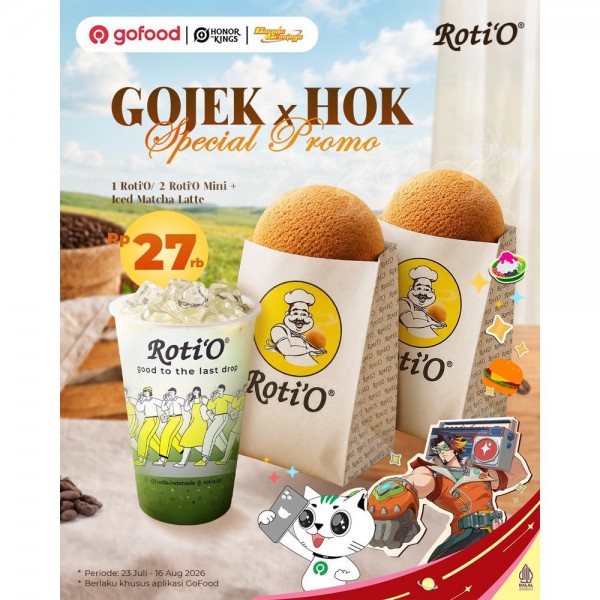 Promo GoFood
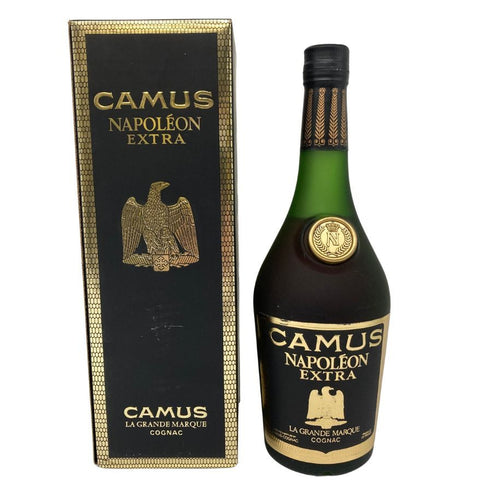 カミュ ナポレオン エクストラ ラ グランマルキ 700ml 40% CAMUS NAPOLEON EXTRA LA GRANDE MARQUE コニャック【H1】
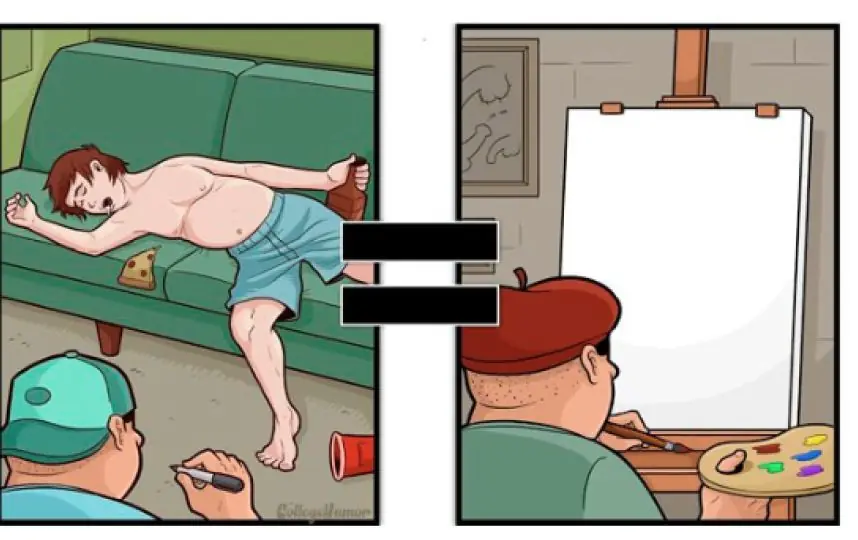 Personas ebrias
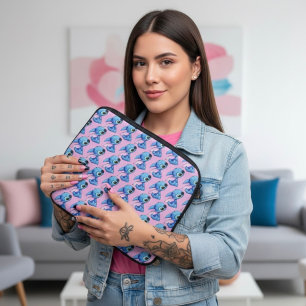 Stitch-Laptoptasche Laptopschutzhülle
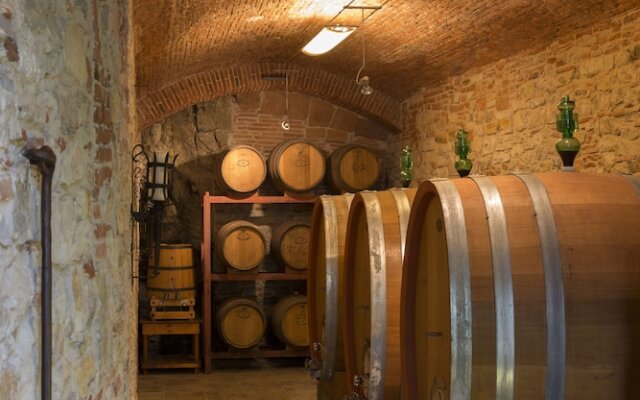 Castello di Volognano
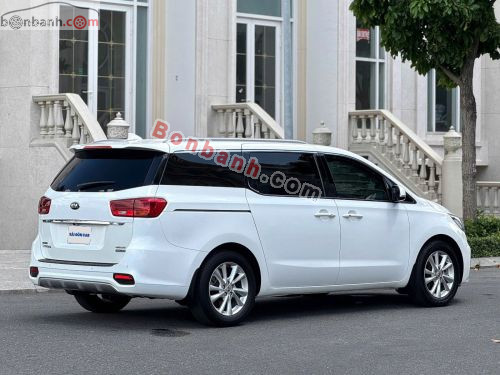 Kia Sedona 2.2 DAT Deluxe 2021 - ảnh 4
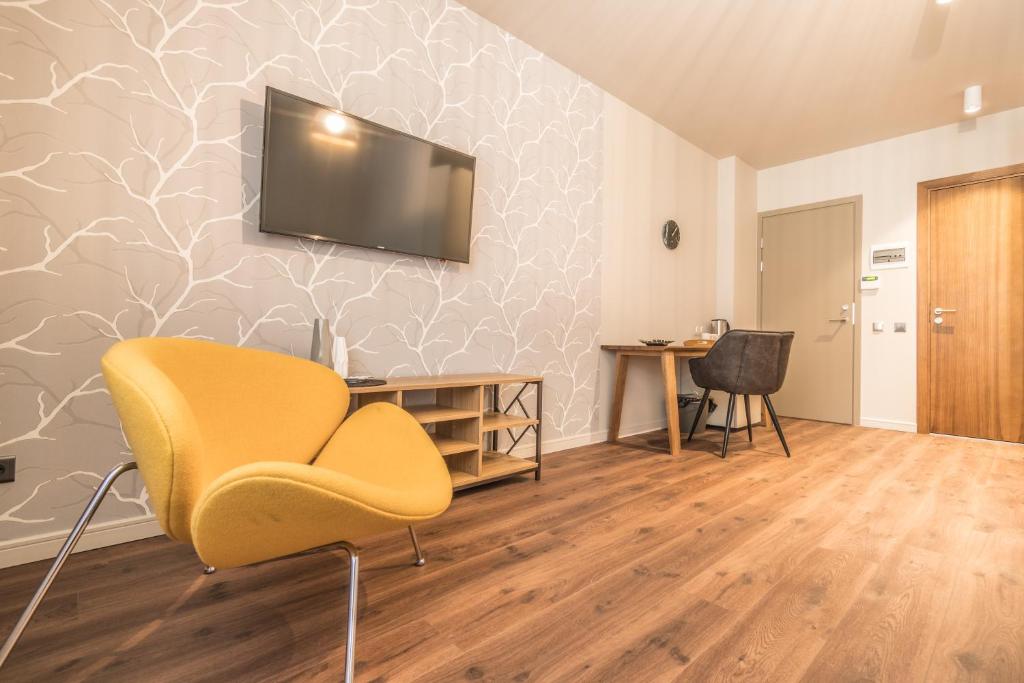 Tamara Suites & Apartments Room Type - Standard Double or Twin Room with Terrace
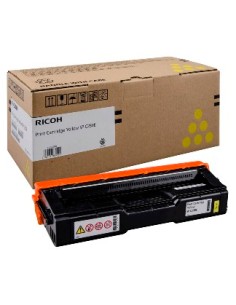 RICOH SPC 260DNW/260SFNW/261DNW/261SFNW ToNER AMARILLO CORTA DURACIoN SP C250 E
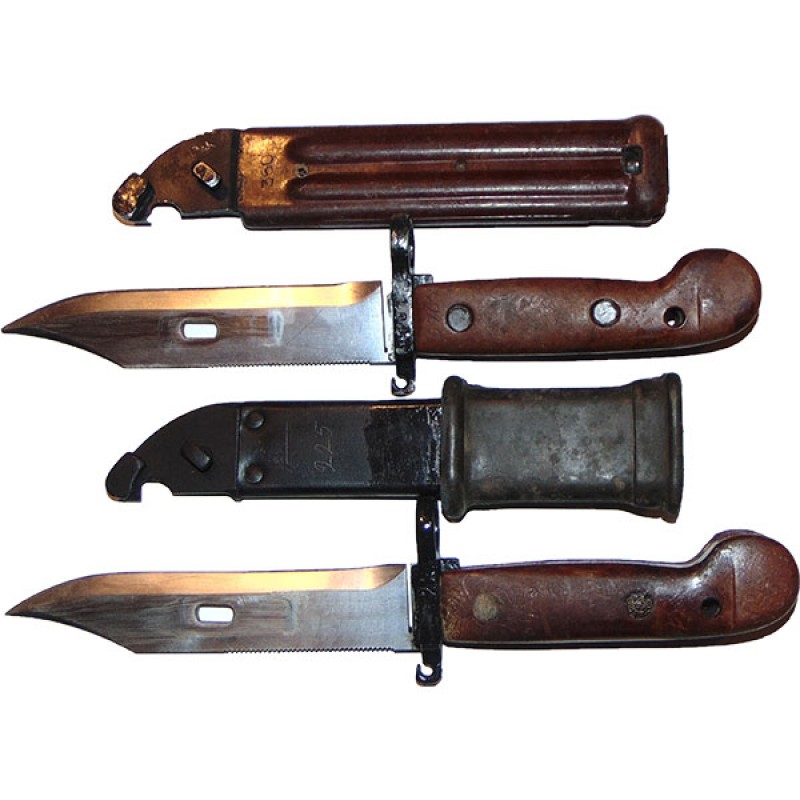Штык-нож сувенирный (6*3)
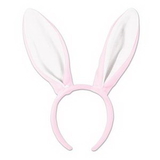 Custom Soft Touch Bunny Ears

Your task |
Exactly those lines that run from the line holding "Kia Sedona 2.2 DAT Deluxe 2021 - ảnh 4" to the end of the listing above, both included, are to be reproduced, with pictures left out.

Reply to the exercise |
 Kia Sedona 2.2 DAT Deluxe 2021 - ảnh 4
 Tamara Suites & Apartments Room Type - Standard Double or Twin Room with Terrace
 RICOH SPC 260DNW/260SFNW/261DNW/261SFNW ToNER AMARILLO CORTA DURACIoN SP C250 E
Штык-нож сувенирный (6*3)
 Custom Soft Touch Bunny Ears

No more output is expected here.